Where things go from here is anybody's guess. Some think the players will strike several games into the season, after they've collected a few paychecks. The owners no doubt have a counter-strategy in mind. So no one should be surprised to suddenly find stadiums padlocked or old movies replacing Sunday afternoon doubleheaders.

As though this situation isn't complicated enough, the NFL also finds itself grappling with an image problem. When ex-player Don Reese collaborated with Sports Illustrated on a harrowing story about cocaine use in the NFL, players all over the league started going public as well.

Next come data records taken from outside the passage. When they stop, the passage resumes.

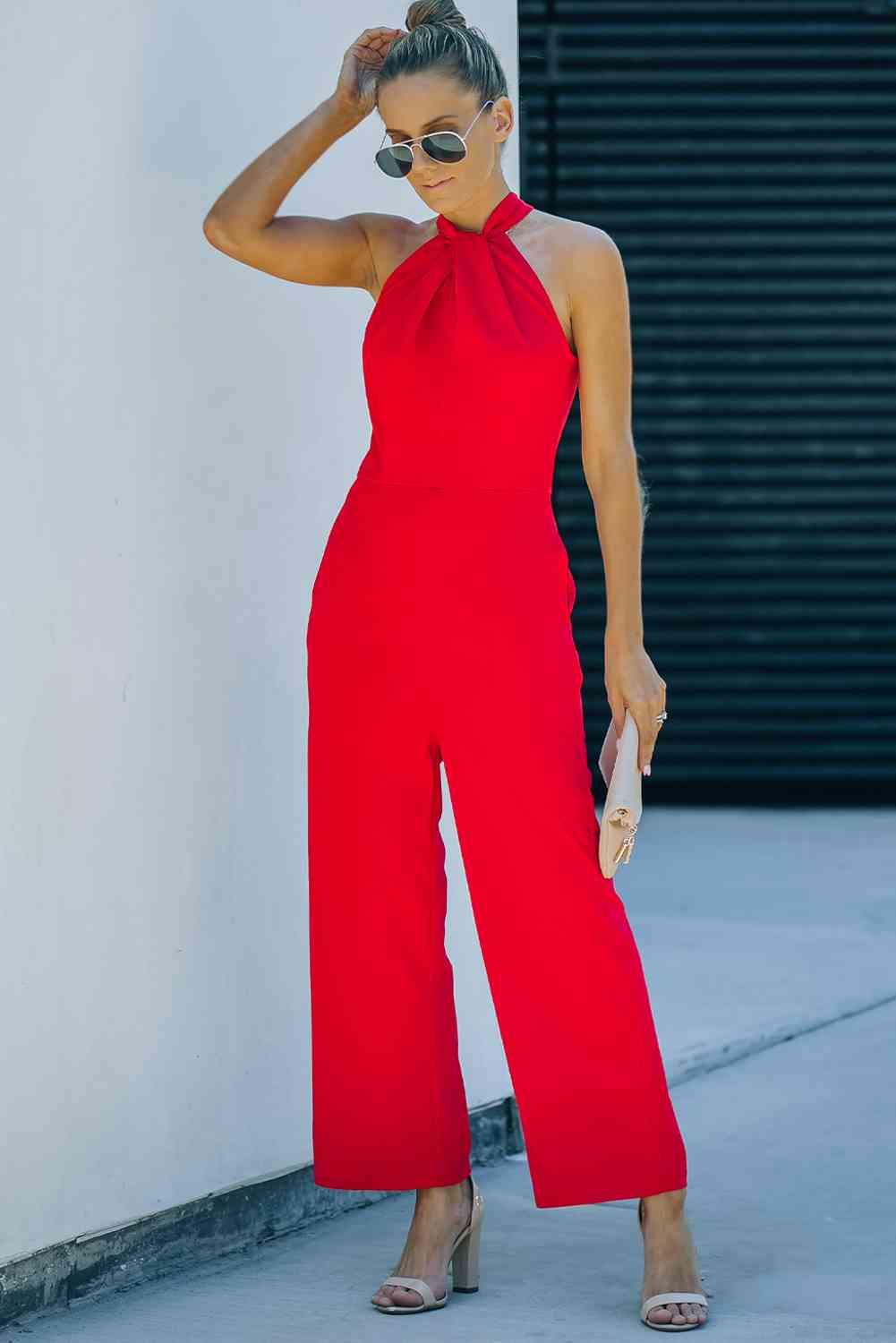 Twisted Grecian Neck Wide Leg Jumpsuit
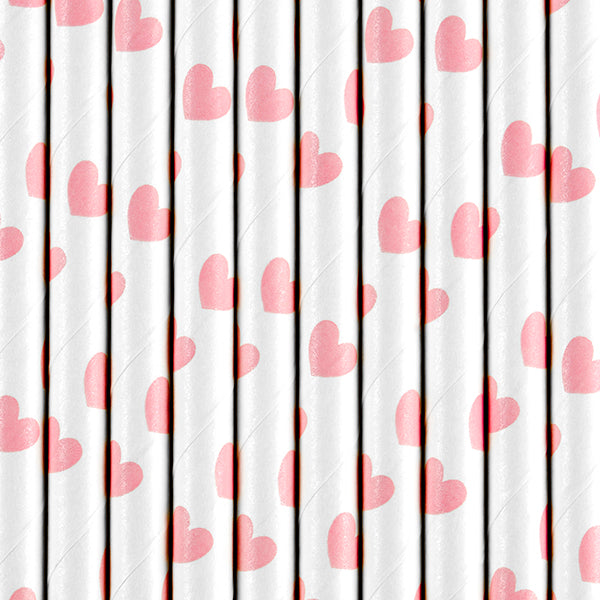 white paper straws with pink hearts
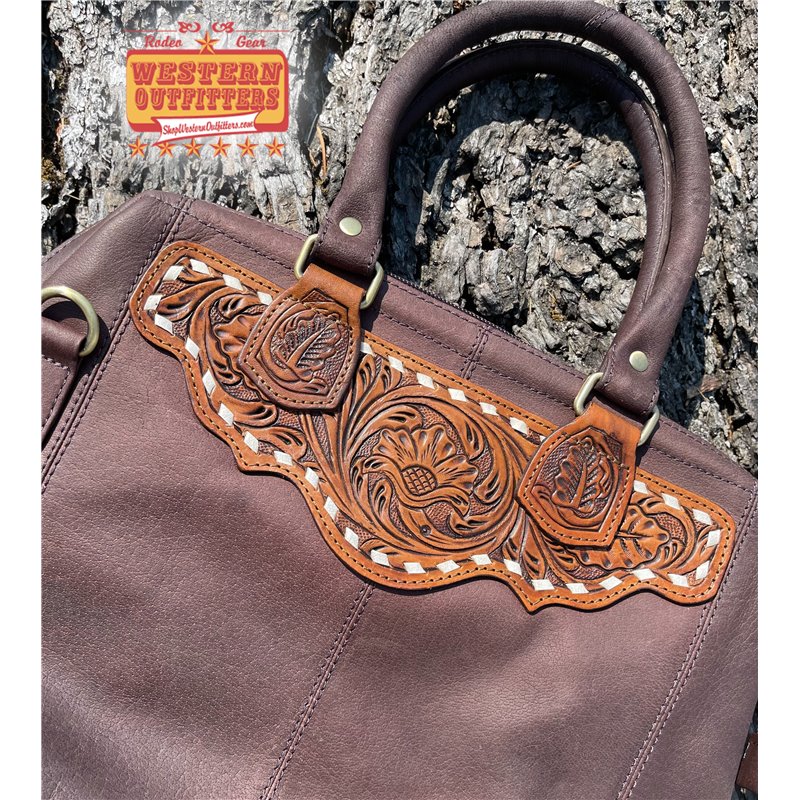 RARE 80's Vintage American West Hand-Tooled Leather Bag - Made in Paraguay  🇵🇾 | Tooled leather bag, Hand tooled leather, Leather tooling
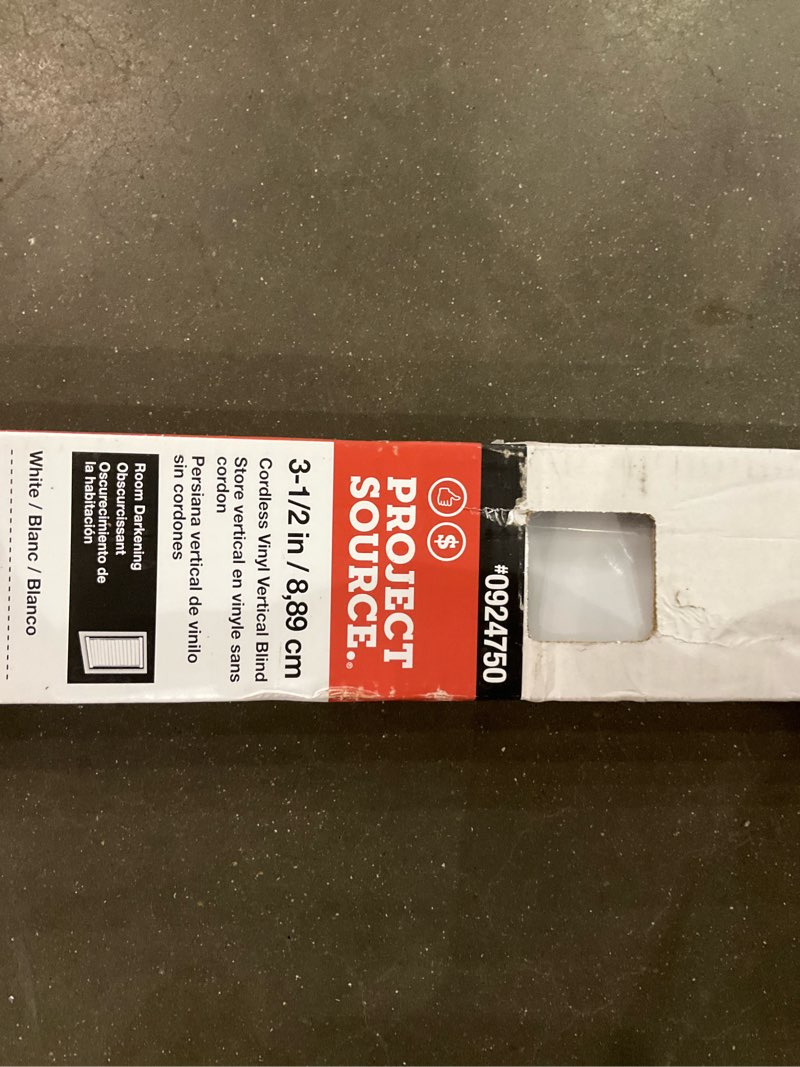100+ bought last week project source room darkening vertical 3.5-in slat width 66-in x 84-in cordless white vinyl blinds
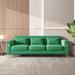 American Deep Seats Sofa Velvet Straight Row Sectional Sofa w/ Pillows & Square Arms, Green Recliner Couch for Living Room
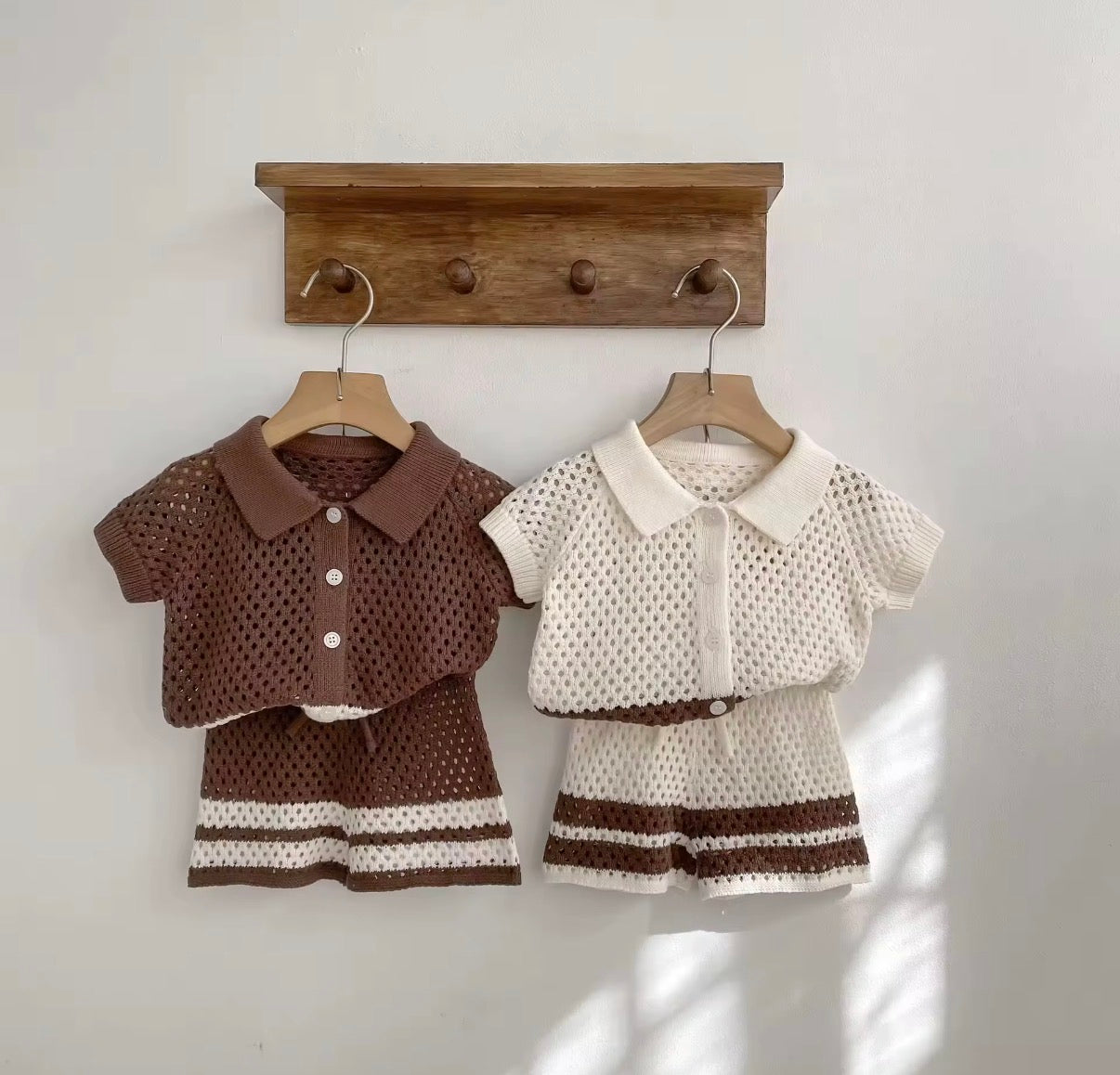 Open Knit Polo Set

Among those who admitted to his mistake was New Orleans running back George Rogers, a Heisman Trophy winner who led the league in rushing last season as a rookie. Like other players, Rogers stated he'd undergone treatment for drug abuse, but the league was still stuck with the ticklish business of finding a solution to its drug problems. To check for drugs by urinalysis, or not to check, that is the question that has helped fuel labor-management differences.

Further furrowing the NFL's brow is the formation of a rival league. By beginning its inaugural season in March, the newly launched United States Football League won't actually compete head-to-head with the NFL. Eventually, though, it could steal some of the NFL's thunder.

For the moment, the league just wants everyone's attention focused on the playing field. Cleveland Coach Sam Rutigliano says ''28 teams believe they can be in the playoffs.'' And why shouldn't they, after seeing San Francisco and Cincinnati make it to the Super Bowl last season? So say it again, Sam, and hold your breath that there'll be playoffs come January.